After going up 58-41 on a Jon Graham layup (and Frazier assist) with 7:20 remaining, PSU would not score for nearly two and a half minutes. Colella missed two wide-open 3-pointers in the stretch. At the time, Colella was 2 for 10 from the field in the game. Frazier was 5 for 6, without a single forced shot.
But Nebraska could only manage to cut the lead to 58-45 during PSU's cold spell.
With five minutes to go, Frazier took over. He came up with a steal and was fouled, making two free throws to increase the lead to 60-45. Then another steal and a layup: 62-45.
With 2:22 left, Frazier was one assist shy of the triple-double. And Penn State was three points shy of the 70-point mark, which would have meant a free Big Mac for everyone in the house.
Chambers tried to get Frazier the triple double twice, first running a play for Woodyard (who missed an open trey) and then running a play for big man Sasa Borovnjak (who missed in the lane).
The game well in hand, Chambers pulled Frazier with 13 seconds left and had his team run out the clock as the student section groaned at the prospect of the free Big Macs disappearing.

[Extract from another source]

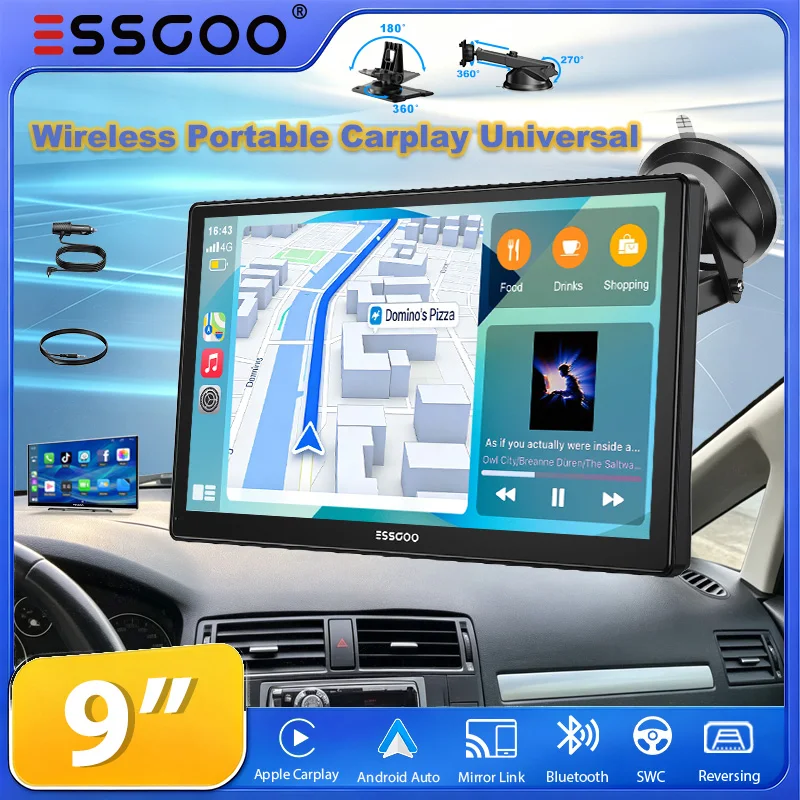 ESSGOO 9' Autoradio Universal Tragbar Carplay IPS Touchscreen für LKWs Kabelloses Carplay Android Auto Mirror Link AUX FM USB Bluetooth Lenkradsteuerung Touchscreen Rückfahrkamera Optional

“I wanted them to get the Big Macs, no doubt,” Chambers said afterward. “I just didn't want to do that to Doc (Sadler, Nebraska's coach).”
It was, of course, the classy thing not to do.
Besides, Penn State's best player is proof that being famished is not always a bad thing.
“He's humble and he's hungry,” Chambers said of Frazier.
• Woodyard had 14 and Marshall 12 for Penn State.
• Forward Dylan Talley led Nebraska with a dozen points.
• Colella is the former walk-on who is now starting. When asked about his poor shooting, Chambers did not hesitate to answer: “I wanted him to take 11 (3-pointers). I told him to take 12. He's got to be that assassin for us. He's got to be searching for threes.”
• The Cornhuskers won the previous meeting in Lincoln, 70-58. The teams are now tied for last place in the Big Ten.